Cases continue to emerge of construction projects that have been subject to over-optimism during the development stages, where robust and reasoned appraisals of project benefits have been sidestepped by a desire to get them delivered. Such cases reinforce the need for greater focus on capital cost optimisation and efficiencies, the key to which lies in sharing insights globally and across sectors, and embracing long-held initiatives to standardise designs and adopt new technologies. The key challenge in many markets is to find a model for contracting that removes or navigates the adversarial relationships within the supply chain. This needs to enable more transparent data sharing, so that clients, contractors and suppliers can better manage, analyse and utilise the digital assets that are integral to the success of every project.

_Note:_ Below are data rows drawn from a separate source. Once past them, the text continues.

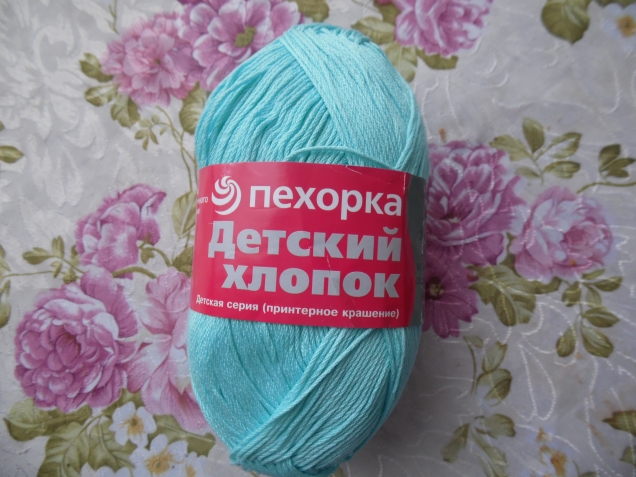 Бирюзовая кофточка с резинкой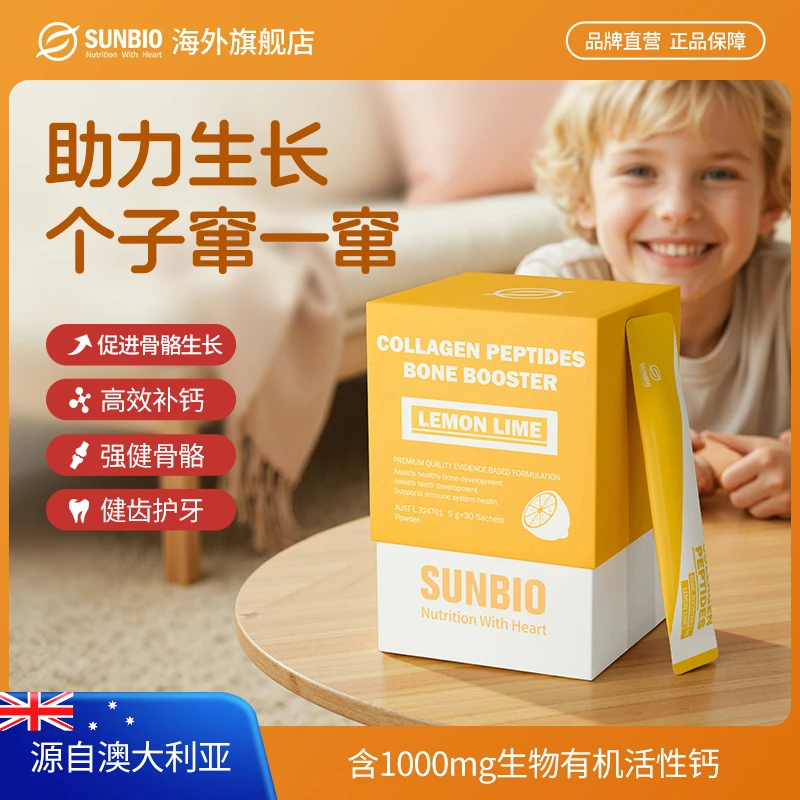 澳洲sunbio身高肽牛骨胶原蛋白肽赖氨酸苏糖酸钙儿童成长窜个补钙
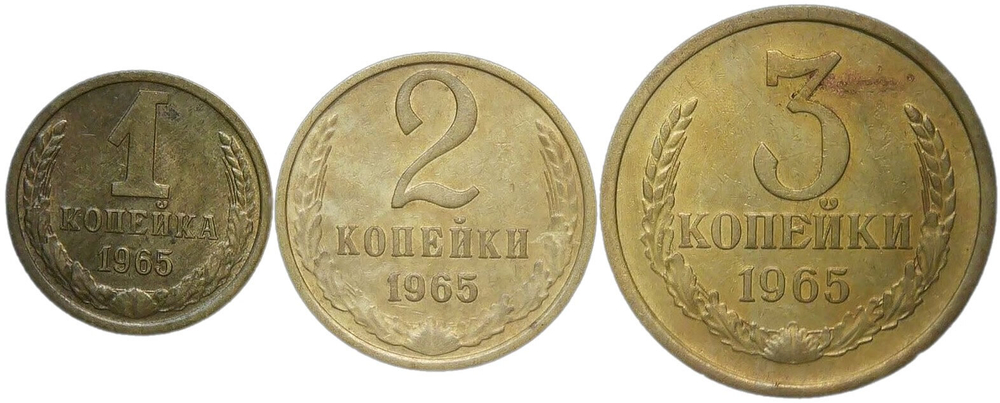 Набор монет СССР 1965 года (3 монеты) 1, 2, 3 копейки (VF-XF)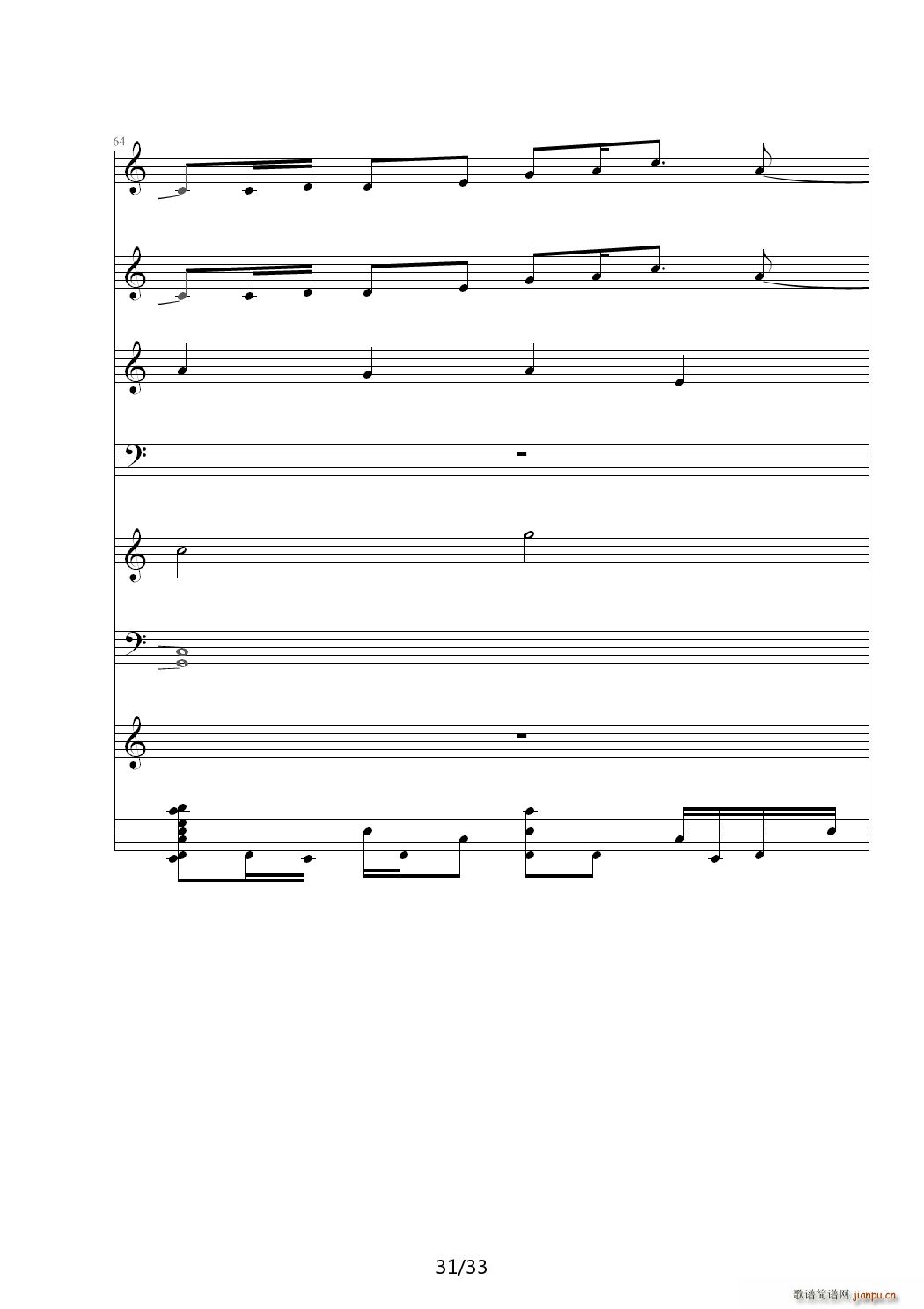 倾国 C调(钢琴谱)31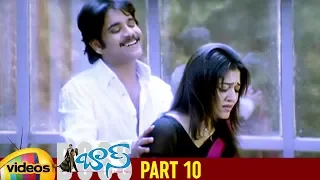 Boss I Love You Full Movie - Part 10 - Bhai Nagarjuna, Nayantara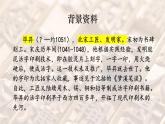部编版七年级下册第六单元25课《活板》PPT课件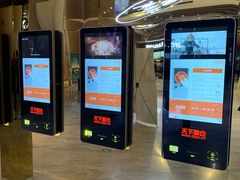 -SFC上影影城(港汇永华IMAX激光店)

Hervé de Trogoff is an exceptionally highly regarded and active expert in construction disputes. He is renowned for his expertise on major infrastructure projects and natural resources matters. Fellow experts praise him as "a great delay expert".
Hervé de Trogoff is a partner of Accuracy, based in London, and specialises in project advisory and forensic construction planning and programming in a variety of contexts.
He acts as expert witness on entitlements to extensions of time and analysis of delay, acceleration and losses of productivity on large construction, engineering and industrial projects across a wide range of sectors. He also provides advice to owners, developers, contractors and other project actors on setting up the teams and governance on large projects and programmes, project valuation, time-risk management and project audits, and prepares cost and time models on long-term projects.
Hervé is a civil engineer with a background in project management and controls, and has specific experience in project planning. His construction management experience was gained with both contractors and consultants in a number of challenging international environments. He has advised clients in English, French and Spanish and has an academic understanding of the Finnish language.
Hervé has been appointed as delay expert witness in UK High Court litigation and international arbitration under ICC, ICSID, LCIA, UNCITRAL, CACFEDF, Swiss CCI and other ad hoc rules, has given evidence in English and French and has acted as joint party appointed independent expert in mediations.
Hervé has a first-class honours civil engineering degree and has completed an MBA at the London Business School where he specialised in project finance and project risk management.